Angelo
Angelo

Reputation: 787

Get only last part of xpath

I am using lxml in python 2.7 to parse an xml file.

the file looks like this:

...
<LM>sua</LM>
<LM>citt&agrave;</LM>
<LM>e</LM>
<LM>l'</LM>
<LM>alto</LM>
<LM>seggio</LM>:
     </l><l>
<LM>oh</LM>
<LM>felice</LM>
<LM>colui</LM>
<LM>cu'</LM>
<LM>ivi</LM>
<LM>elegge</LM>!.
     </l><l>
<LM> E</LM>
<LM>io</LM>
<LM>a</LM>
<LM>lui</LM>:
...

I am iterating through the tree looking for LM nodes.

for node in [z for z in  tree.iterfind(".//LM")]:
    print tree.getpath(node.getparent())

and I get the following output for each node:

'/TEI.2/text/body/div1/l[480]'

So, in this case this means the the current node LM is under the 480th node L. Is there a way to get this 480 that is note the following ?

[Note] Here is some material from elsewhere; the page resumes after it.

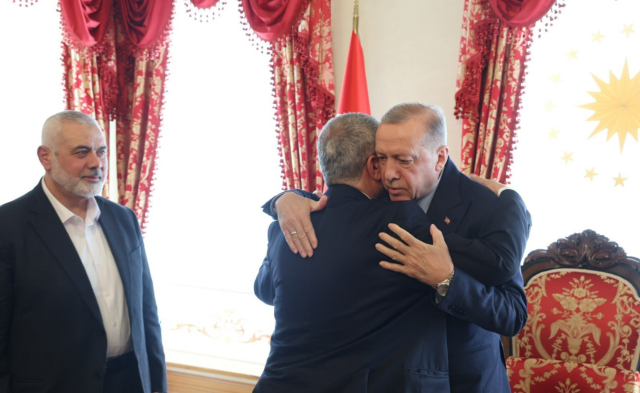 İsrailli bakandan hadsiz paylaşım! Hamas lideri Heniyye ile görüşen Cumhurbaşkanı Erdoğan'ı hedef aldı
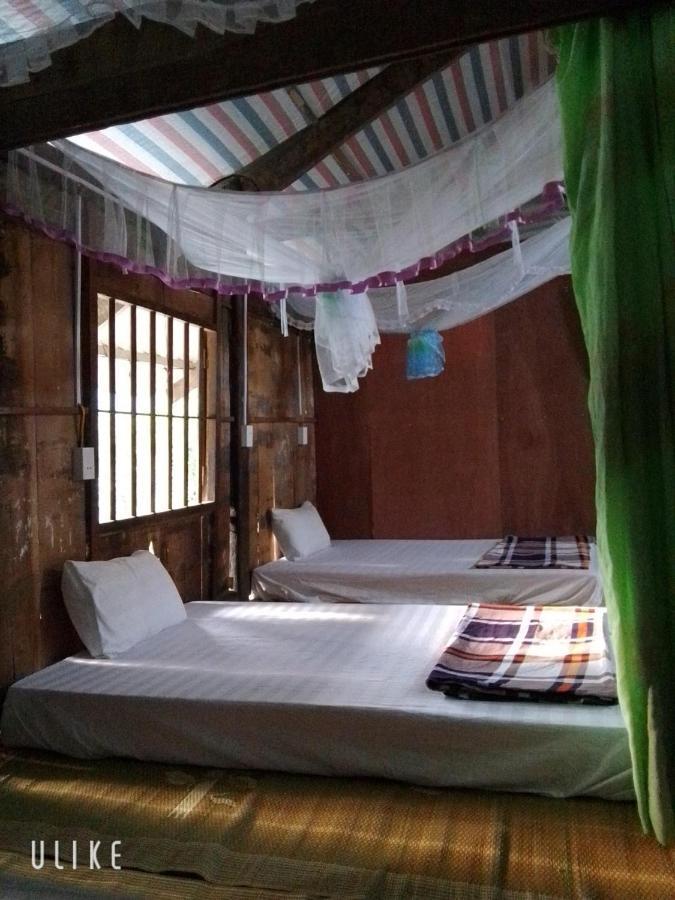 Làng Cac Du Gia Van Chung Homestay المظهر الخارجي الصورة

In [77]: int(tree.getpath(node.getparent()).split('/')[5][2:].replace(']',''))
Out[77]: 480

I mean an elegant way via xpath.

Upvotes: 0

Views: 290

Answers (1)

Abel
Abel

Reputation: 57159

So, in this case this means the the current node LM is under the 480th node L. Is there a way to get this 480 that is note the following ?

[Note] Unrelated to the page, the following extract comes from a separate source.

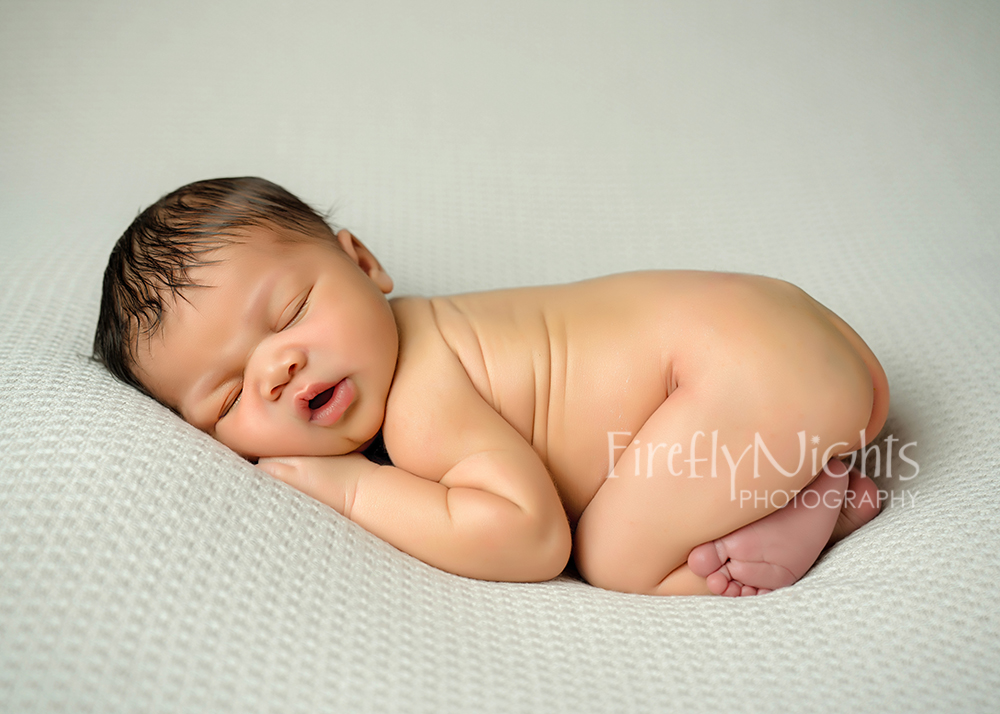 Oswego newborn photographer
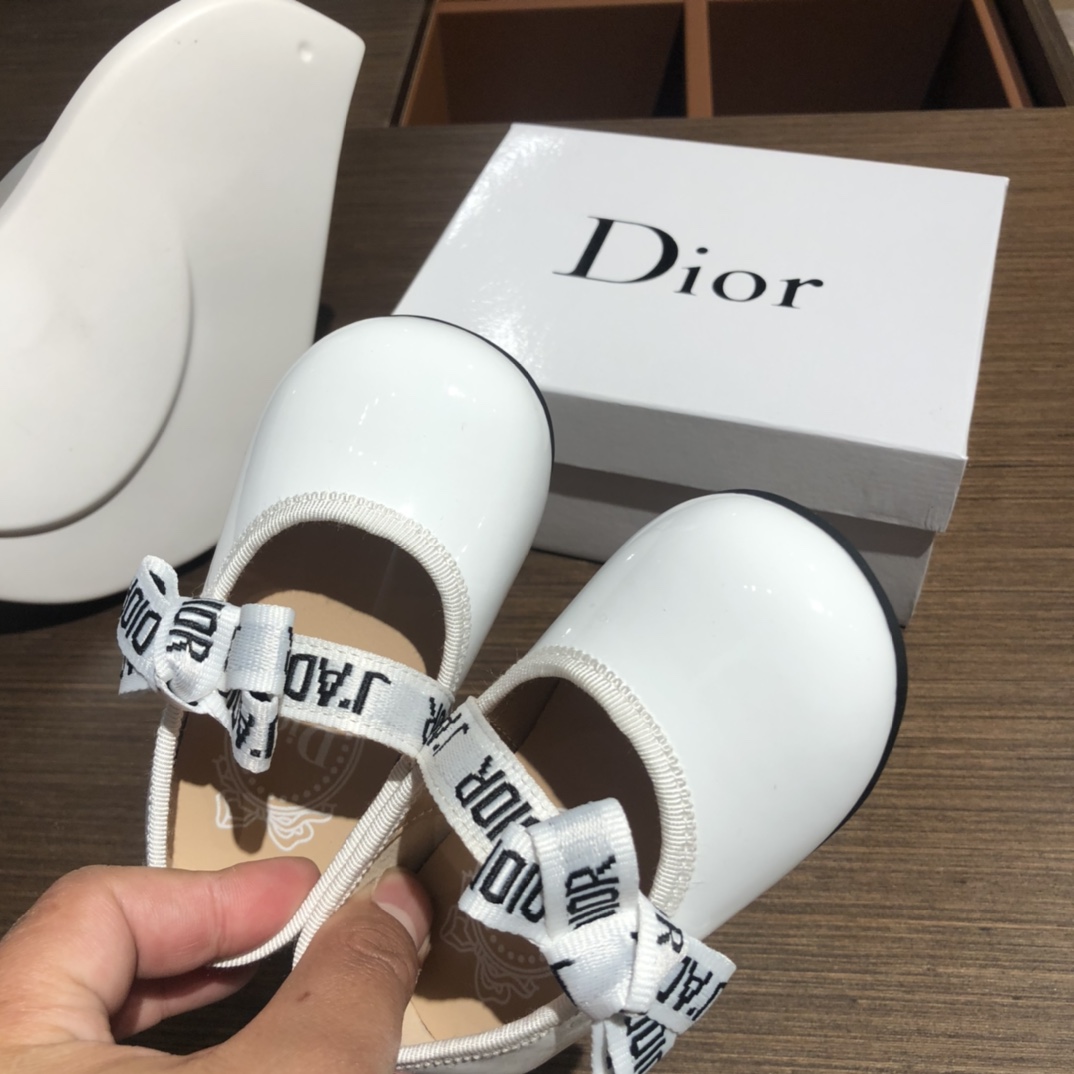 Children's shoes child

int(tree.getpath(node.getparent()).split('/')[5][2:].replace(']',''))

If I understand you correctly, you merely want the position relative to its parent? You can have the XPath return this last position by doing:

node.find("position()")

In normal XPath 1.0, this means "get the position of the current node relative to its parent". However, it looks like the XPath support of this Python module is severely limited. The expressions supported can only be used to return a node and not a value.

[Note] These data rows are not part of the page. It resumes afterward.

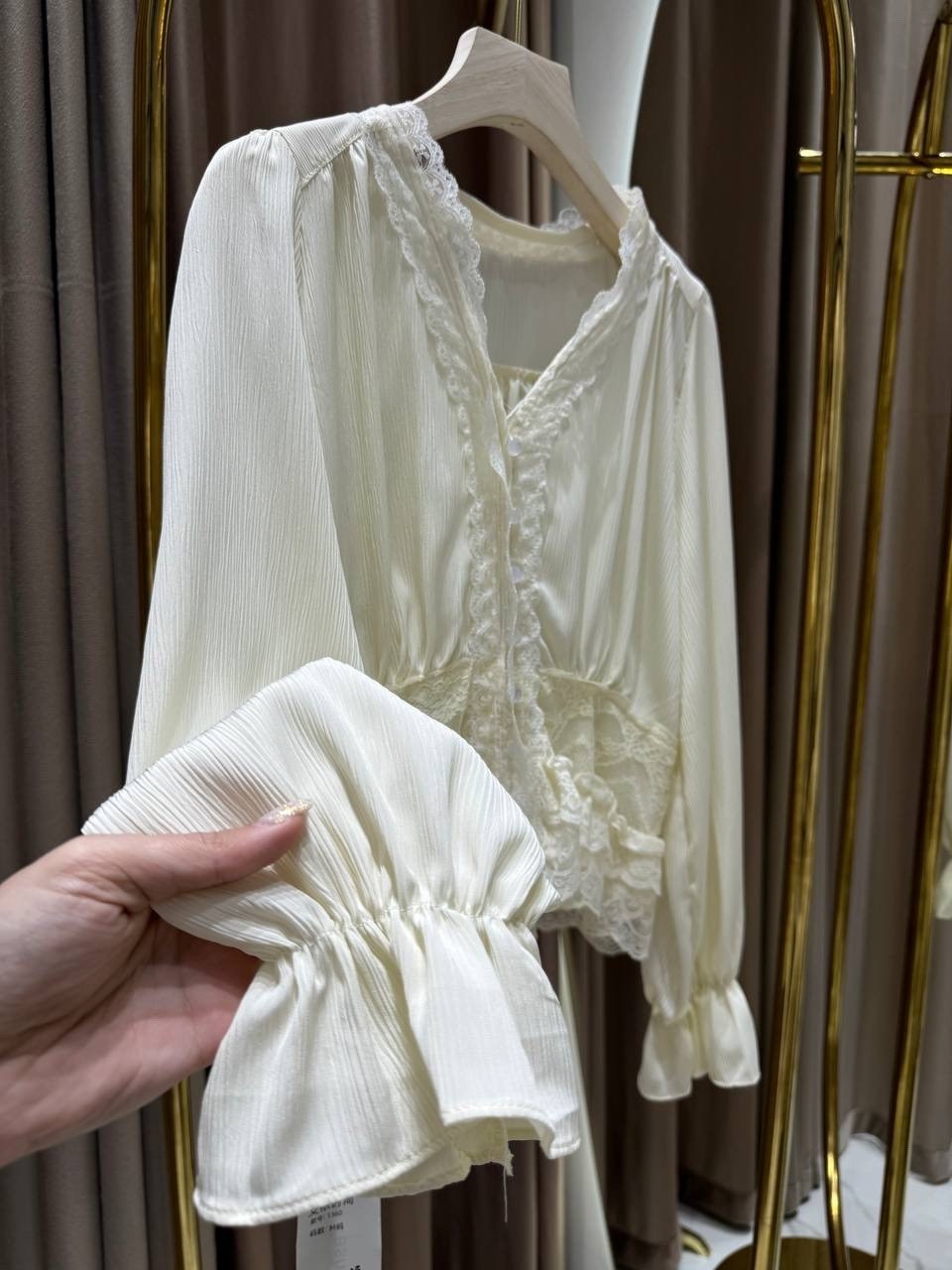 блузка с кружевами,стильные модели кружевных блузок 2026 года,шифоновая блуза с кружевом,блузка женская,блузка винтажная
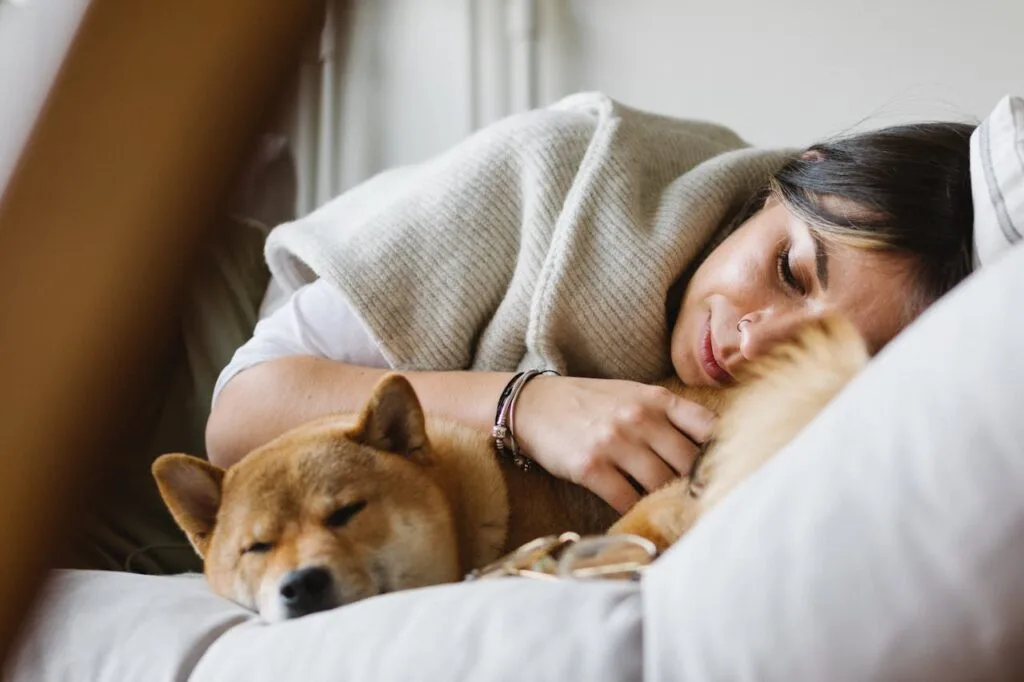 Mulher e seu cachorro dormindo tranquilamente com portar e janelas antirruidos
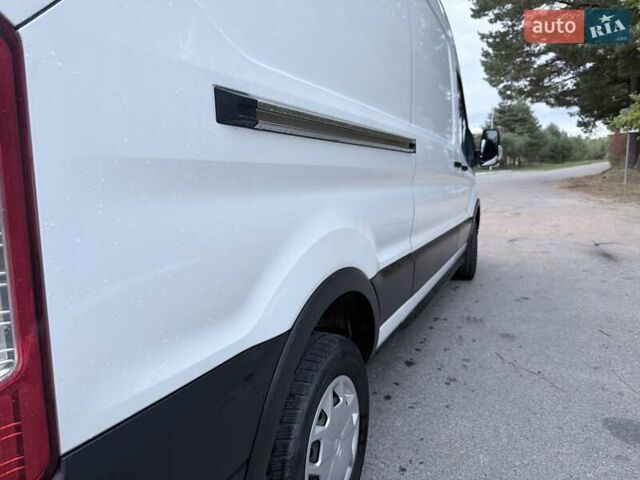 Белый Форд Транзит, объемом двигателя 2 л и пробегом 228 тыс. км за 16899 $, фото 38 на Automoto.ua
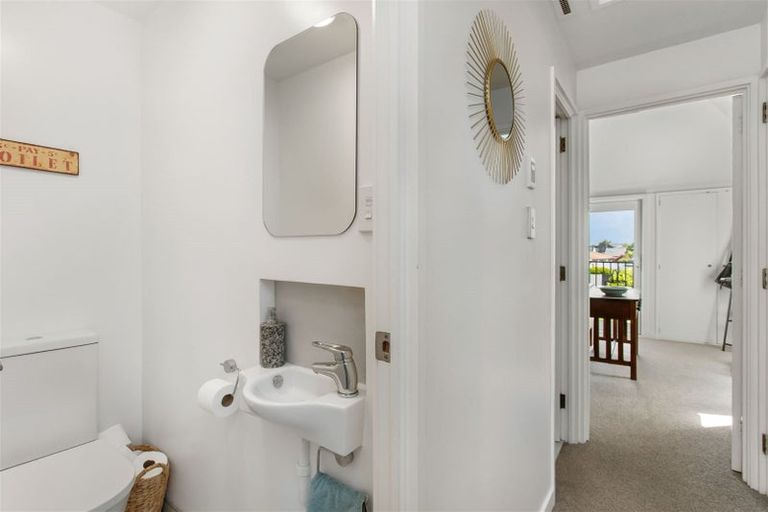 Photo of property in 102 Winchester Street, Merivale, Christchurch, 8014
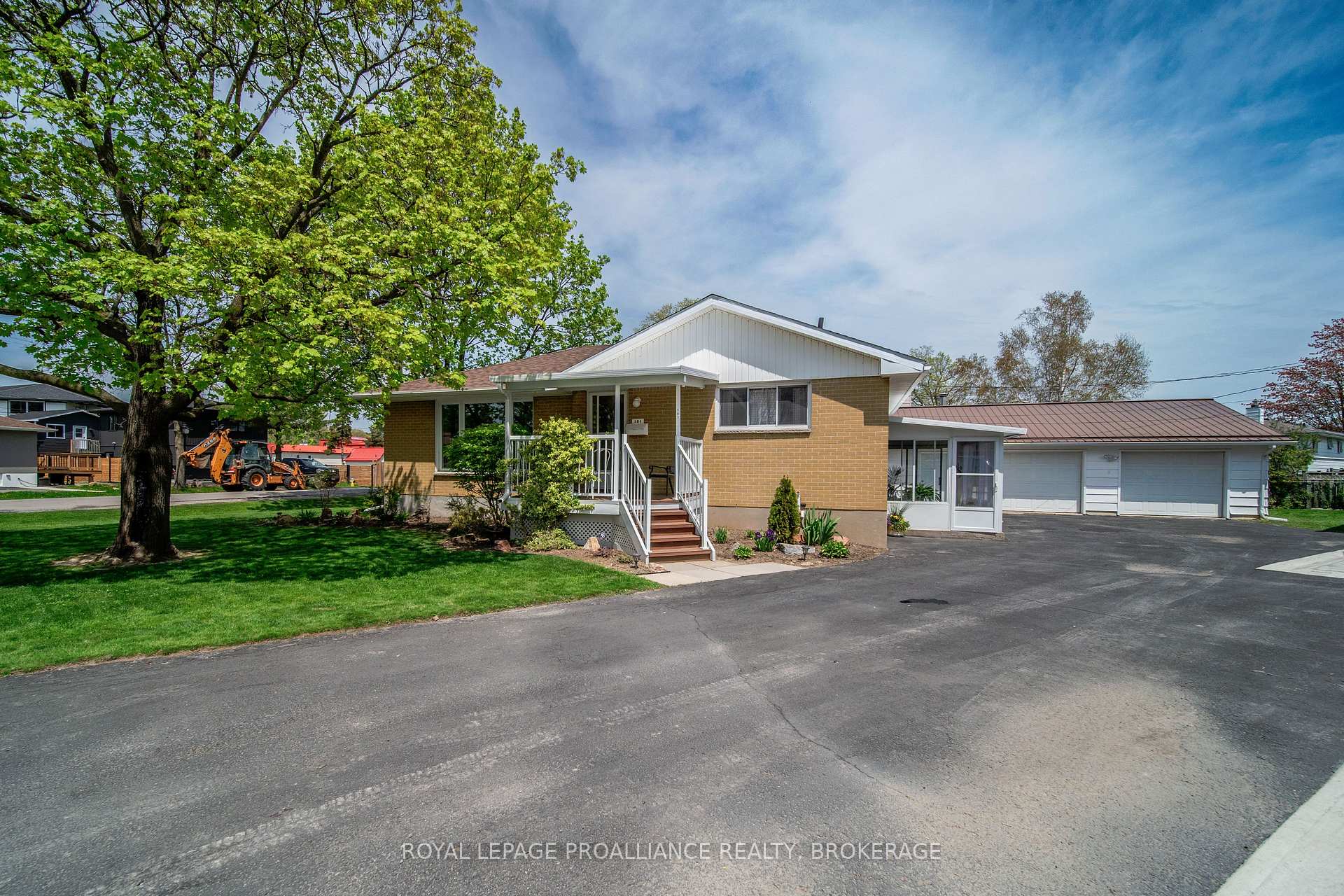 Photo 2 of 101 Elizabeth Drive, Gananoque — HOMEH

If you can use XSLT in Python, you can get all the positions using the XPath 1.0 syntax //LM/position(). And to get the path as well, you have to do a bit more:

<xsl:template match="/">
    <xsl:apply-templates select="//LM" />
</xsl:template>

<xsl:template match="LM">
    <xsl:text>Position: </xsl:text>
    <xsl:value-of select="position()" />
    <xsl:text>, XPath: </xsl:text>
    <xsl:apply-templates select="ancestor::*" mode="path" />
    <xsl:text>&#xA;</xsl:text>
</xsl:template>

<xsl:template match="*" mode="path">
    <xsl:text>/</xsl:text>
    <xsl:value-of select="name()" />
</xsl:template>

This will output a bunch of lines like:

Position: 4, XPath: /a/b/c
Position: 9, XPath: /a/b/d

Upvotes: 1

Related Questions